Kelly, in an appearance at Duke University, did not deny reports that President Donald Trump circumvented the usual process to grant the security clearances or that he later wrote a memo outlining his concerns about it. He simply said he believes any such conversations with the president would be privileged and that he’s not at liberty to discuss security clearances.
It was a notable contrast to Kelly’s aggressive pushback on news reports while in the White House about his actions and relationship with Trump. On Wednesday he even stressed several times the importance of a free press.
Relatively subdued and cautious, Kelly landed some gloved swipes on his former boss — at one point saying if Trump’s former Democratic rival had won the presidency and asked him to serve, he would have worked for her.
“If Hillary Clinton had called me, I would have done it,” Kelly said.
The wide-ranging question-and-answer session before several hundred people marked the first time Kelly, who left the White House at the end of 2018 after a rocky tenure, has publicly addressed the president’s role in his family members’ security clearances.
A retired four-star general, Kelly initially served as Trump’s Homeland Security secretary. But it was the chief of staff job he took in July 2017 that he said was “the least enjoyable job I’ve ever had.”
“But it was he most important job I’ve ever had,” he said.
Kelly, though diplomatic, showed repeatedly where he disagreed with Trump on immigration issues.
On the administration’s handling of children at the southern border, he was critical, though he blamed then-Attorney General Jeff Sessions for catching the White House by surprise with the adoption of a “zero tolerance” policy.
Contrary to Trump’s comments that many immigrants coming to the U.S. border are criminals, Kelly added: “And by the way, they’re overwhelmingly not criminals. They’re people coming up here for economic purposes. I don’t blame them for that.”
He didn’t defend Trump’s decision to declare a national emergency to get funding for a border wall and said: “We don’t need a wall from sea to shining sea.”
Kelly also expressed disagreement with deploying U.S. troops, even National Guard troops, to the border, as Trump did last fall before the midterm elections.
“Generally speaking I would always look for another way to do it,” Kelly said.
Asked about Trump’s executive order establishing a travel ban just days after taking office — while Kelly was Homeland Security secretary — he said it was a mistake made by inexperienced White House staff who didn’t run the policy through the usual process-gathering process for input from relevant government agencies.
The White House staff “got a little bit maybe out in front if their skis,” he said.

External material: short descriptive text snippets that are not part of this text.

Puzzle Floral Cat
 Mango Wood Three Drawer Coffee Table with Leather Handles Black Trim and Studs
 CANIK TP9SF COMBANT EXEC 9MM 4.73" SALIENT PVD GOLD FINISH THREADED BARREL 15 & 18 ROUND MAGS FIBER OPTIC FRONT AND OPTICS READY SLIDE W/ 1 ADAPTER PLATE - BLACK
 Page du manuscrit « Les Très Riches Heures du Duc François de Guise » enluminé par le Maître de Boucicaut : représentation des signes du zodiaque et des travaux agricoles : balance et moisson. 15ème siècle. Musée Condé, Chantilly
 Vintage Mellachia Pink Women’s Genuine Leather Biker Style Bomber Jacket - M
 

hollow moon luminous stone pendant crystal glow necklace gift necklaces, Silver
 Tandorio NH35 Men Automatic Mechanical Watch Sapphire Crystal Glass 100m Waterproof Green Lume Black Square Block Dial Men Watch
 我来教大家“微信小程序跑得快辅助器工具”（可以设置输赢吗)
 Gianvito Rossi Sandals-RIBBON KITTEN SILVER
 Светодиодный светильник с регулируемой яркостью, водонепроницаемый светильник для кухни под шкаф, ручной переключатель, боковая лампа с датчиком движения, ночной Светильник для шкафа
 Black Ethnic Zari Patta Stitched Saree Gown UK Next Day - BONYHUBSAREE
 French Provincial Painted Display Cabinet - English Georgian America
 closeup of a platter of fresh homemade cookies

Kelly also defended the cost of maintaining the NATO alliance, the merits of which Trump has repeatedly questioned. And he took credit for initially organizing a series of briefings that convinced Trump not to withdraw U.S. troops from Afghanistan and Syria.
When Trump tapped Kelly as his chief of staff the White House had little internal structure and was largely seen as chaotic. Kelly didn’t seem eager for the job and spent his initial weeks trying to install process and order to the West Wing.
Despite reports by NBC News and others that Kelly saw himself as the “adult in the room,” he denied taking that view.
“In my view everyone in the room was an adult,” he said.
When he decided it was time to leave, saying the job exhausted him, he joked that the advice he gave to his successor, acting chief of staff Mick Mulvaney, was: “Run for it.”